Are you an active volunteer for charitable organizations? The reward for helping out takes the form of deductions for out-of-pocket expenses incurred while you do volunteer work. Write off only what you spend to cover unreimbursed expenses, such as telephone calls, stamps and stationery, as well as other materials that you supply, say, to prepare posters or other forms of advertising for fund-raising campaigns. Forget about any deduction for the value of the unpaid time that you devote to charitable chores. So, if the prevailing rate for the kind of services you render is $100 per hour, and you wind up spending 100 hours to render those services during the year in question, that doesn’t entitle you to take a write-off of $10,000 for them. While deductions are allowed for gifts of property, the IRS doesn’t consider your services to qualify as “property.” Nor can you claim anything for the use of your home or office to conduct meetings. That, too, isn’t a contribution of “property.”
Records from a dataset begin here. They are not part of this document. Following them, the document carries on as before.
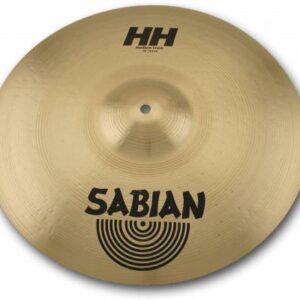 Sabian HH 11808 18" Medium Crash Cymbal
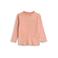 Woezel & Pip Longsleeve Sanne Blooming Dahlia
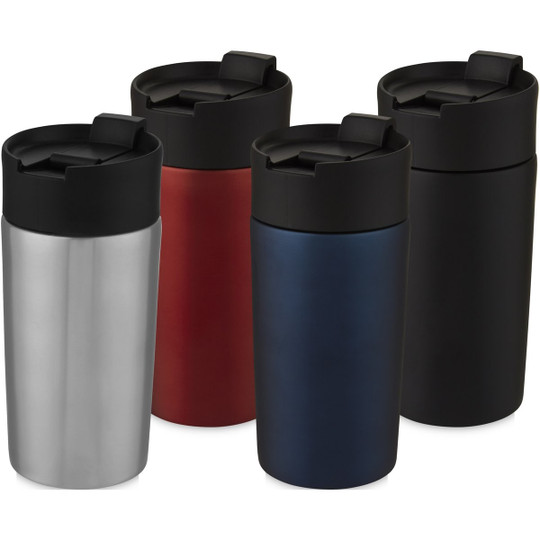 PF Concept 100689 - Jetta 330 ml copper vacuum insulated tumbler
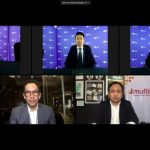 DST Expands Digital Transformation and Innovation across Brunei with Tech Giant, MultiSys from the Philippines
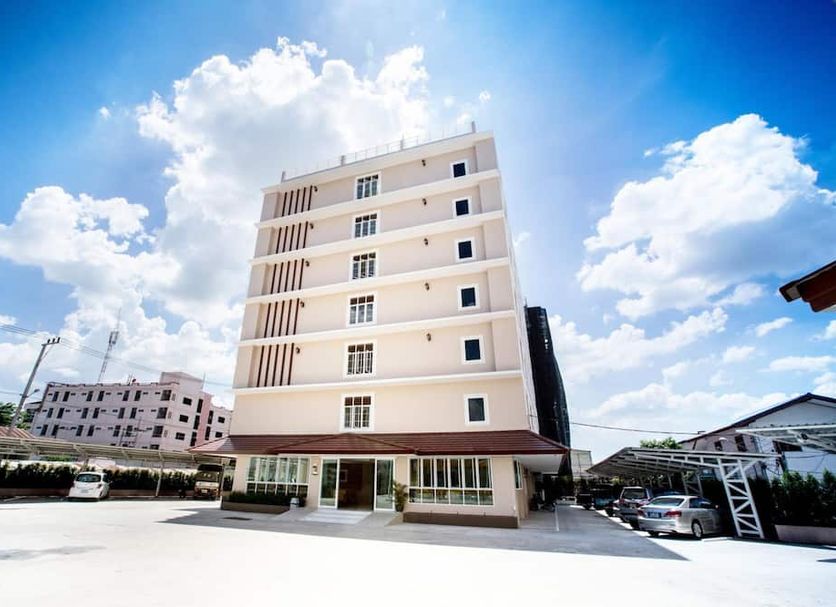 Gebäude Foto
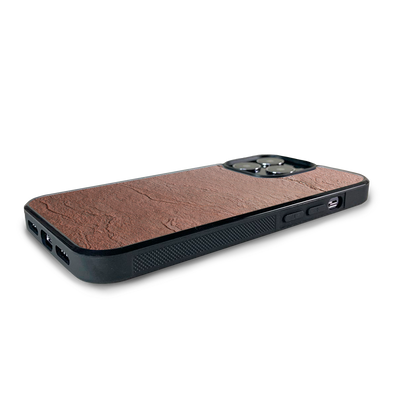 iPhone 15 Pro Max —  Stone Explorer Case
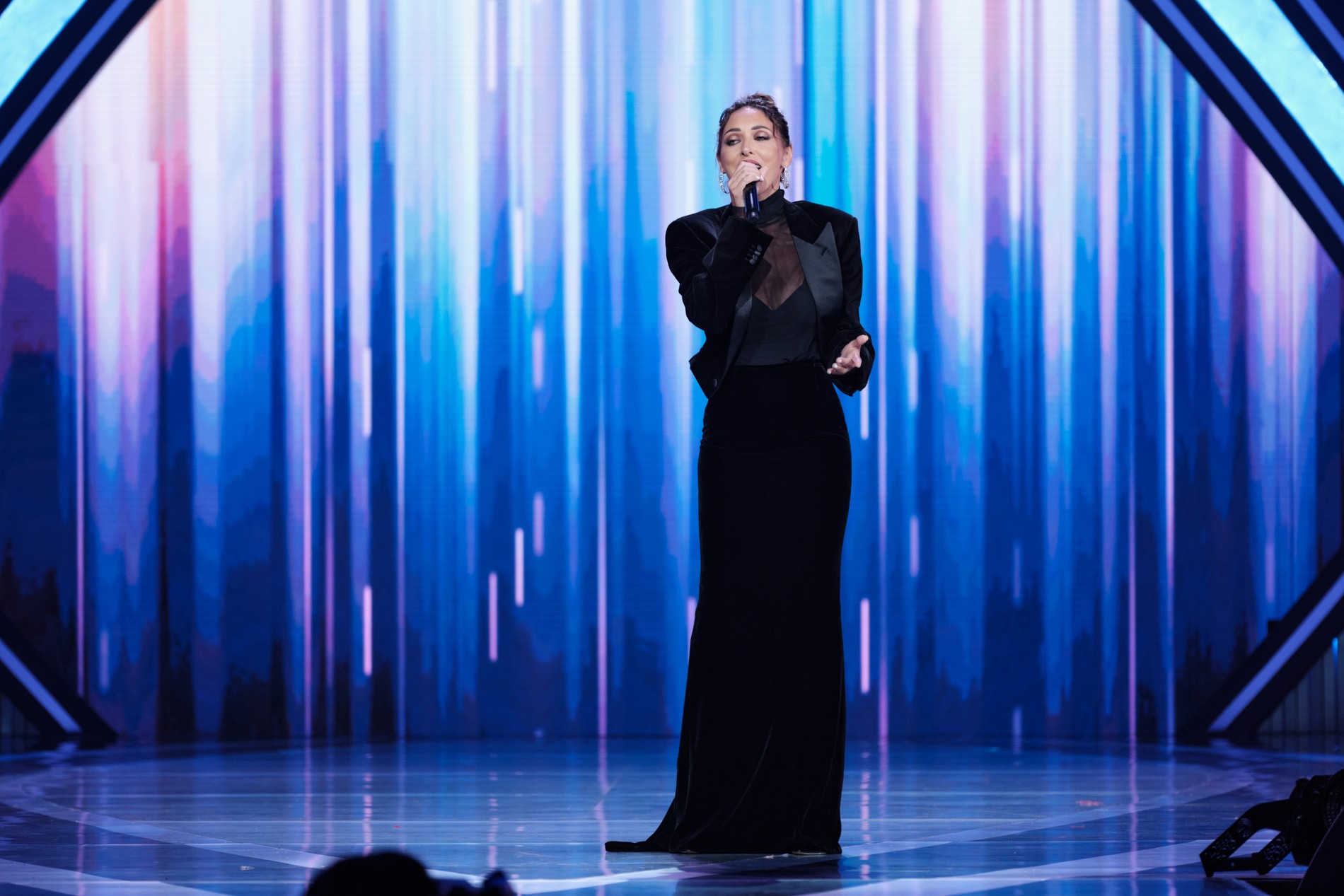 Алсу. Фото: пресс-служба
Some organizations, such as the Red Cross and the Boy and Girl Scouts, require volunteers to wear uniforms. Because these uniforms aren’t adaptable to ordinary wear, deductions are allowed for their cost and cleaning.
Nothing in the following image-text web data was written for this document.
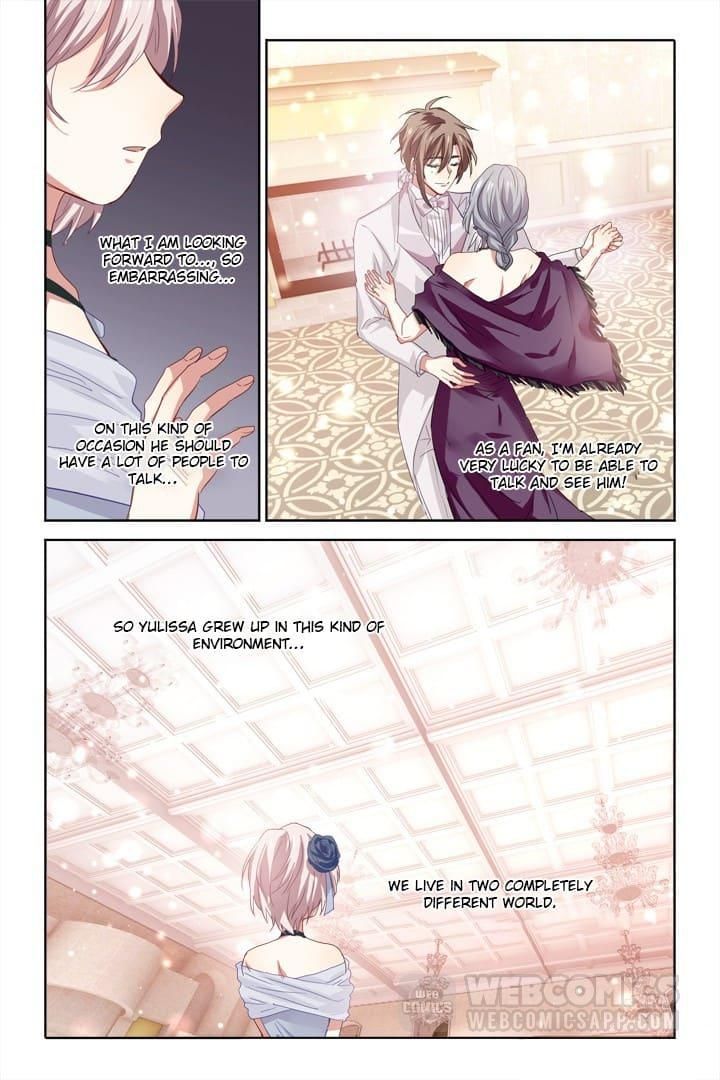 Star Dream Idol Project Chapter 181 - Page 3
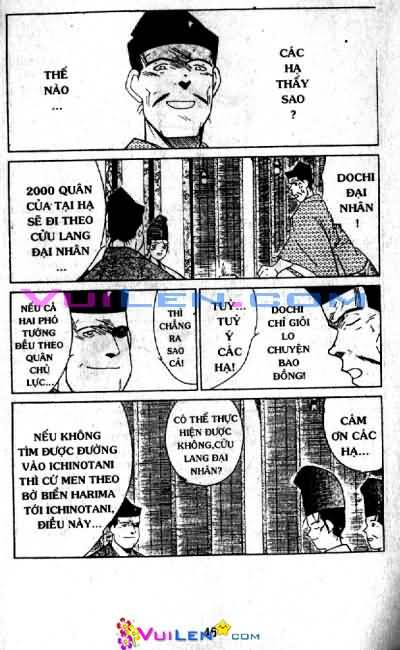 Truyền Nhân Atula Phần II: Chapter 11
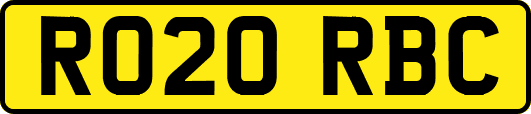 RO20RBC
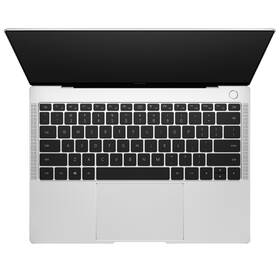 Notebook Huawei MateBook X Pro stříbrný

 obrázek produktu 3 z 6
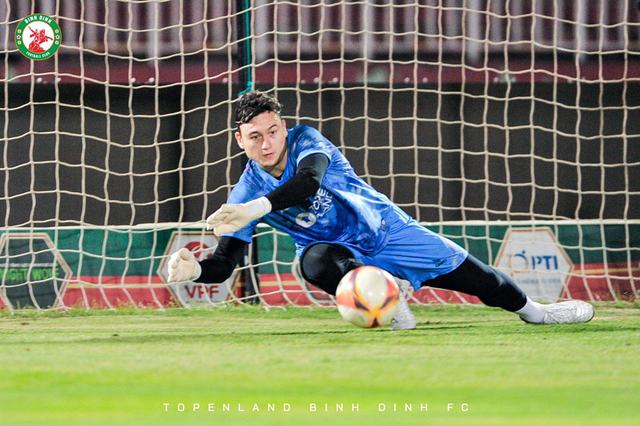 Hà Nội FC vs Bình Định FC, V-League 2023: - Ảnh 2.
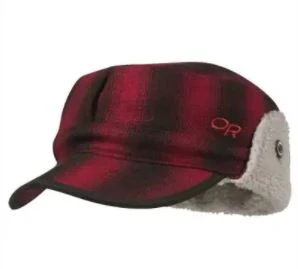 Outdoor Research - Yukon Cap 7 Outdoor Research - Yukon Cap - Image 5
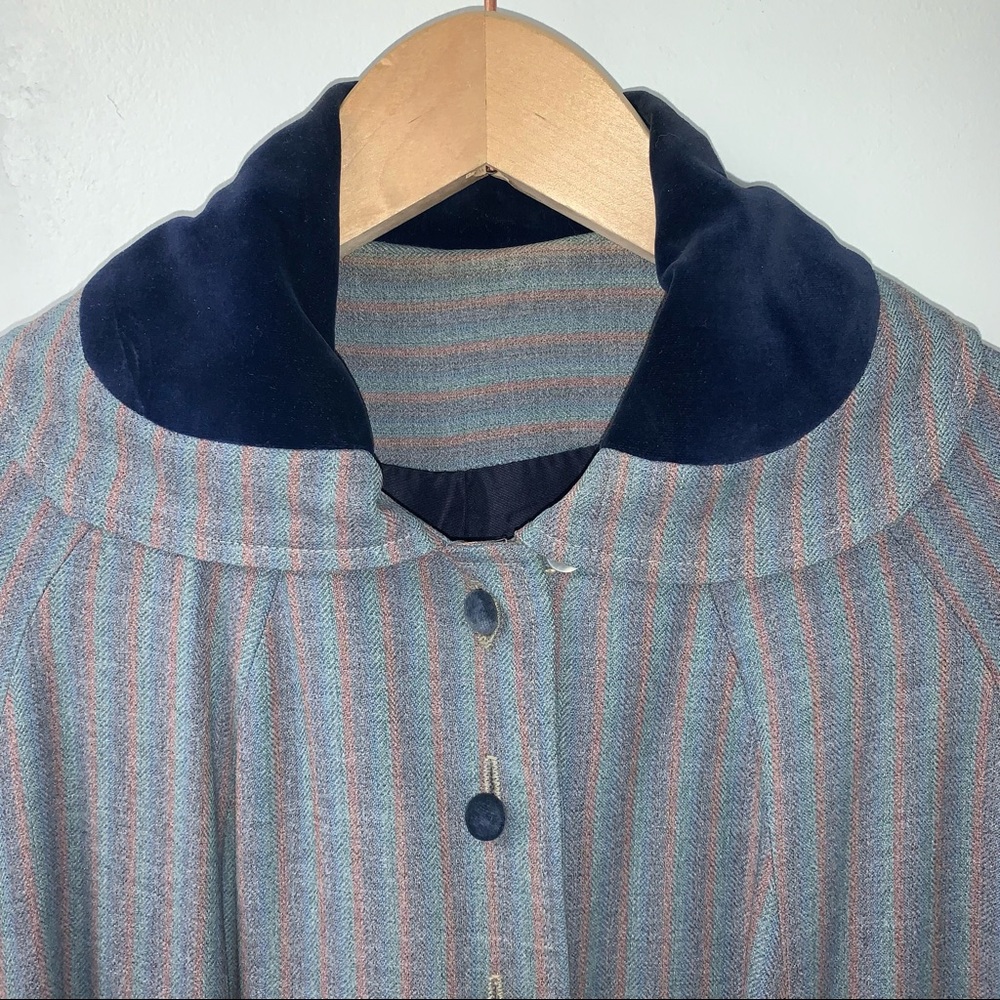 Vintage Long Coat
The IRS takes a dim view of deductions for babysitters who watch children while the parents do charity work. The payments for sitters, concedes the IRS, are incurred to make the volunteer work possible. Nevertheless, the agency ruled that the payments are nondeductible personal expenses. Take heart, though. An IRS administrative ruling is by no means the last word. It merely reflects the official IRS position on an issue and isn’t binding on the courts. The U.S. Tax Court has held that babysitting fees that enable you to get out of the house are allowable, just the same as car expenses linked to charitable work.
An often-missed outlay begins the moment that you leave your home. Allowable deductions include travel expenses to get to committee meetings, fund-raising events and so on. For travel to and from your volunteer work by planes, trains, buses or taxis, just make sure to keep track of your fares and claim them as travel expenses. If you use your own auto, your two options are to deduct the actual cost of gas and oil or make the paperwork simpler by claiming a standard mileage rate of 14 cents a mile. Whether you use the mileage allowance or drive a gas guzzler and claim actual costs, remember to deduct parking fees and bridge, tunnel and highway tolls, as well.
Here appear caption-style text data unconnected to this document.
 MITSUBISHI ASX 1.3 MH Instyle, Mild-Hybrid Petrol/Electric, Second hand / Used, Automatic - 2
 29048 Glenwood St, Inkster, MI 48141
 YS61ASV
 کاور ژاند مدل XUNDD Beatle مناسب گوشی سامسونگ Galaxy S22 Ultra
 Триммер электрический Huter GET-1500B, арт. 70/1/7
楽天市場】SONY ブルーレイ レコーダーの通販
An example: In the course of your charitable work this year, you drive 1,000 miles and shell out $50 for parking charges. Your allowable deduction is $190 (1,000 miles times 14 cents equals $140, plus $50 parking). Or, if you pay more for gas and oil than the mileage allowance, you can deduct actual costs, plus parking. For charity work related to Hurricane Katrina, legislation enacted on September 23 retroactively increases the rate to 29 cents for August 25 through August 31 and 34 cents for September 1 through December 31.
It’s a good idea, in case an IRS examiner questions charitable travel, to be able to support deductions with a glove-compartment diary in which you record why and how far you went, as well as what you spent on parking. You don’t have to use the same car each time and can use more than one car at the same time. If you rent an auto and drive it only for charitable travel, include the entire rental charge with your other charitable expenses. Stay within the speed limit. The tax collectors draw the line at a deduction for a traffic ticket, even if you were on the way to teach Sunday school.